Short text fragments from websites
※

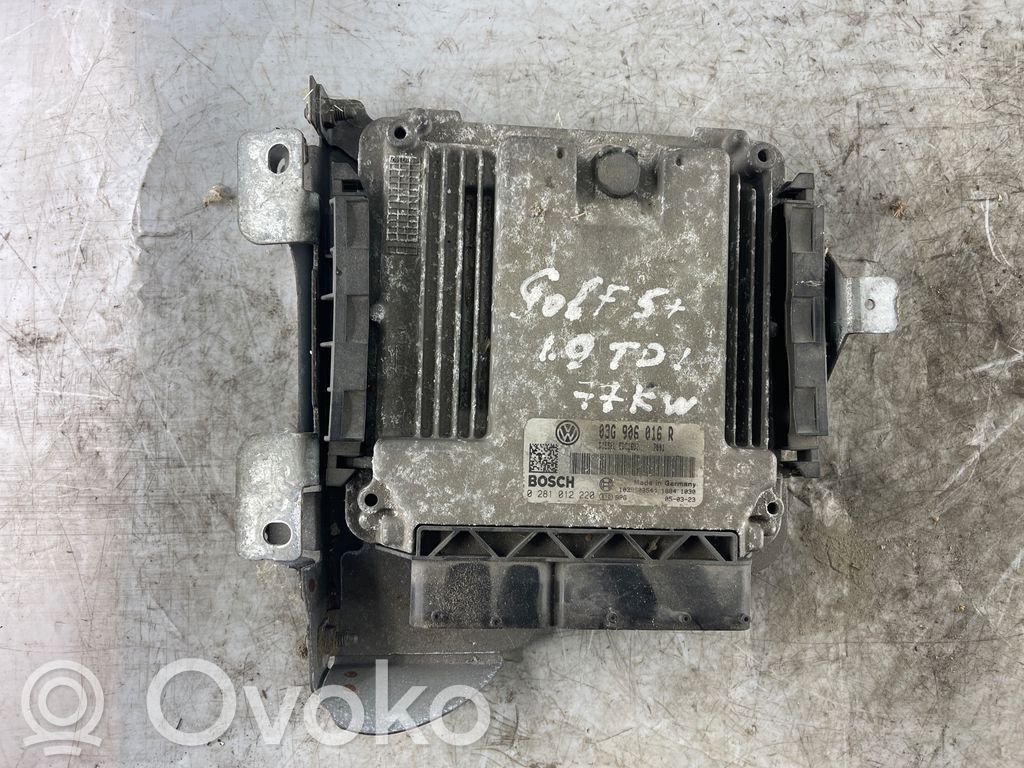 Volkswagen Golf Plus Engine control unit/module 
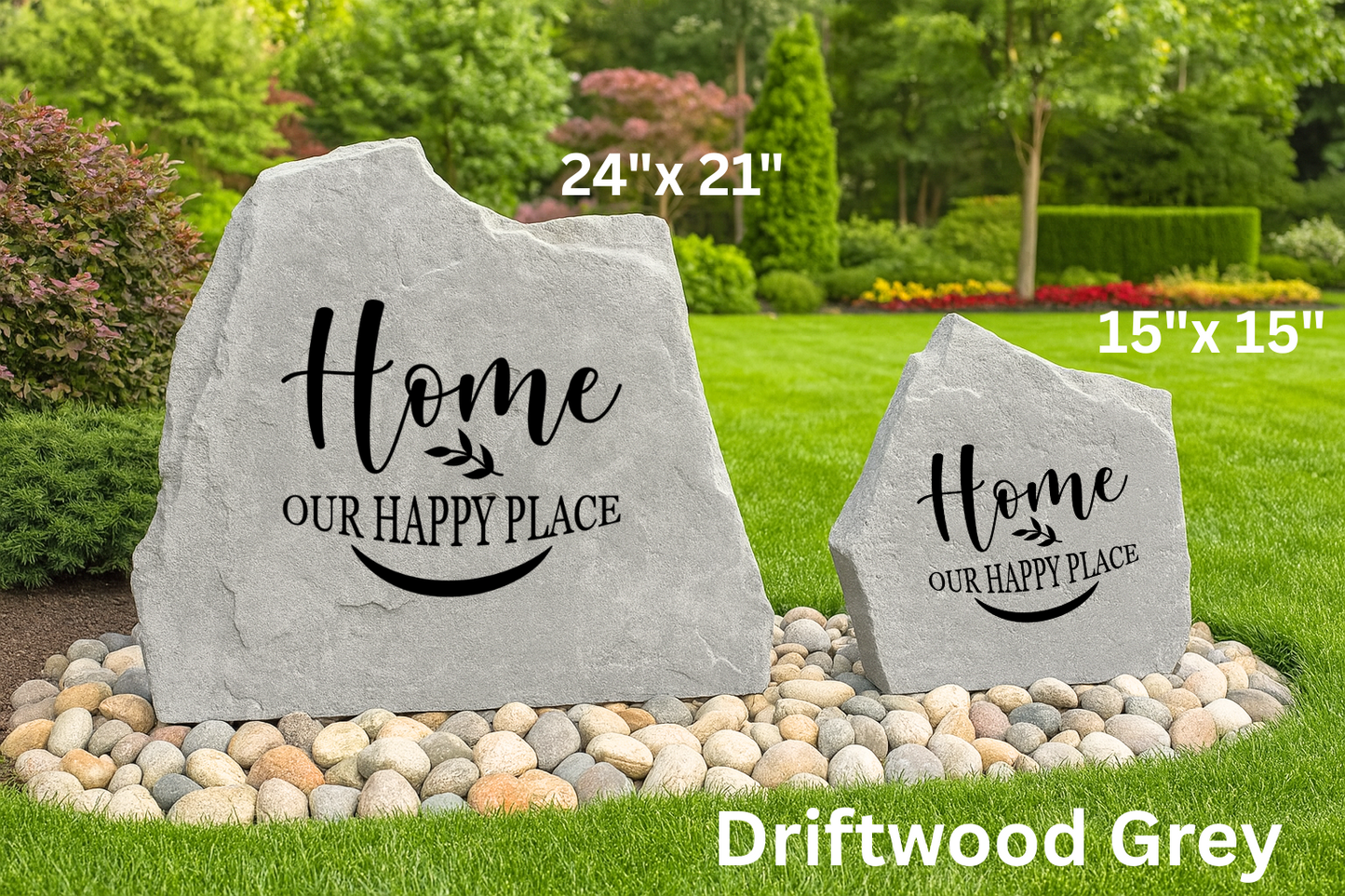 Home – Our Happy Place Decorative Yard Stone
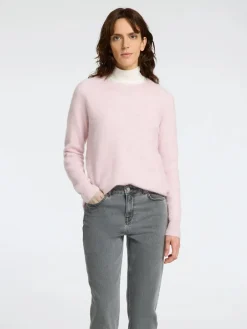 Naisten Neulepaita, Lulu LS Knit O-Neck, Melan>Selected Femme Best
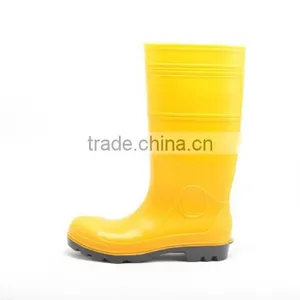 Man's PVC Safety Gumboots, PVC Working Gumboots thumbnail-1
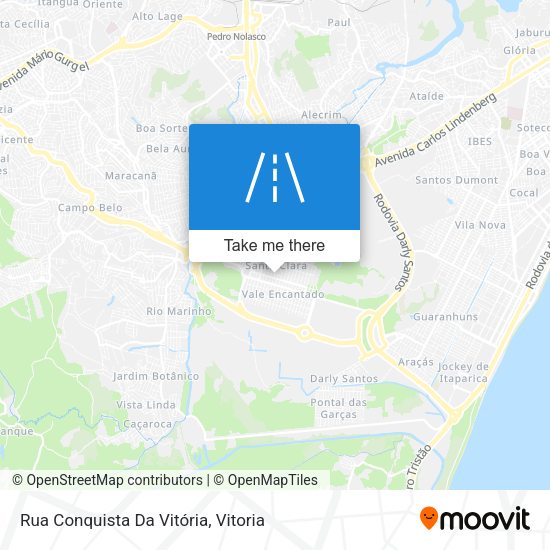 Rua Conquista Da Vitória map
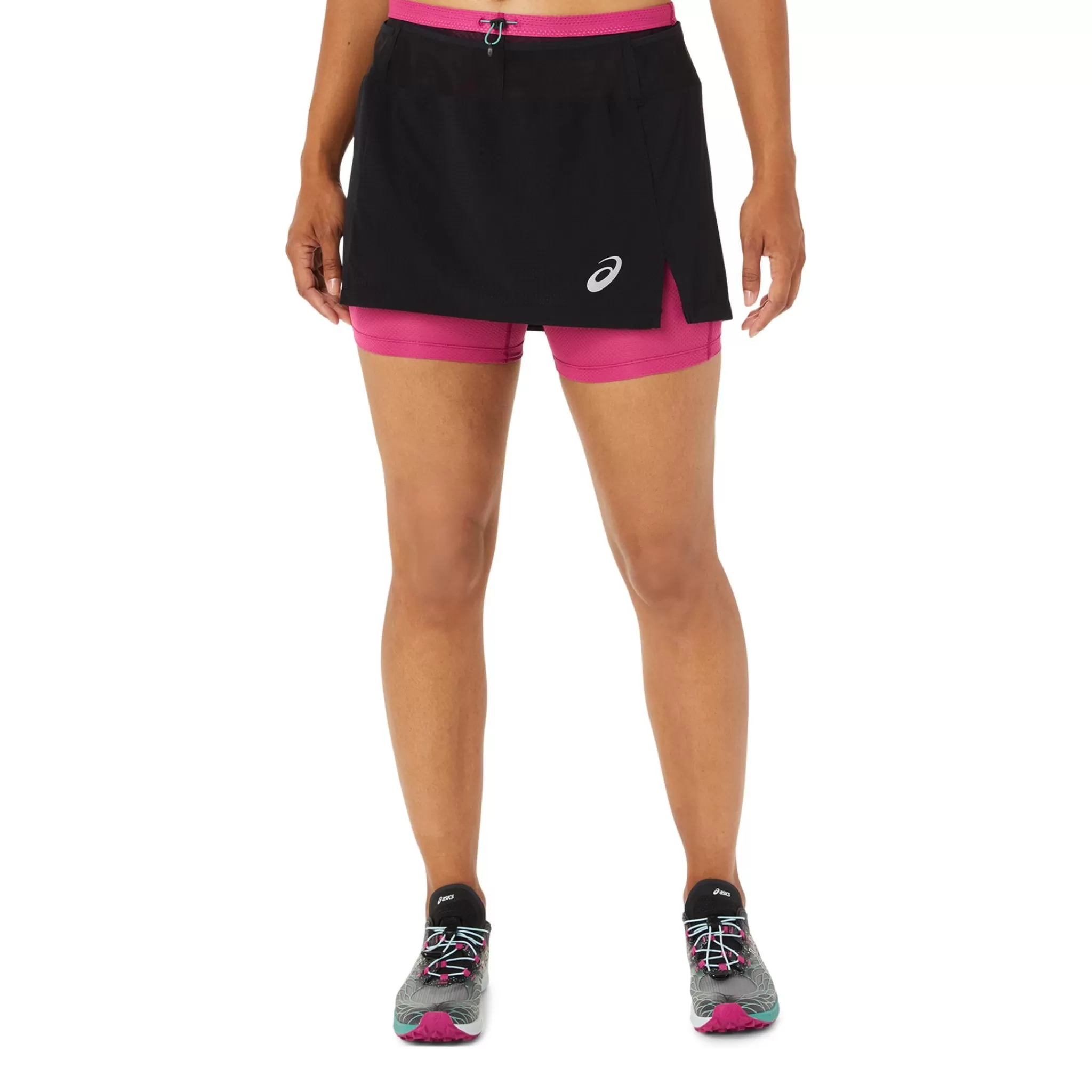 asics Shortsit Ja Caprit<Fujitrail Skort W, Naisten Treenihame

※

WHAT NEEDS TO BE DONE.
Leave every picture out and copy precisely the lines from the one containing "Home – Our Happy Place Decorative Yard Stone" through the last line of the data above, both ends included.

SOLUTION.
 Home – Our Happy Place Decorative Yard Stone
 Naisten Neulepaita, Lulu LS Knit O-Neck, Melan>Selected Femme Best
 Man's PVC Safety Gumboots, PVC Working Gumboots thumbnail-1
 Rua Conquista Da Vitória map
 asics Shortsit Ja Caprit<Fujitrail Skort W, Naisten Treenihame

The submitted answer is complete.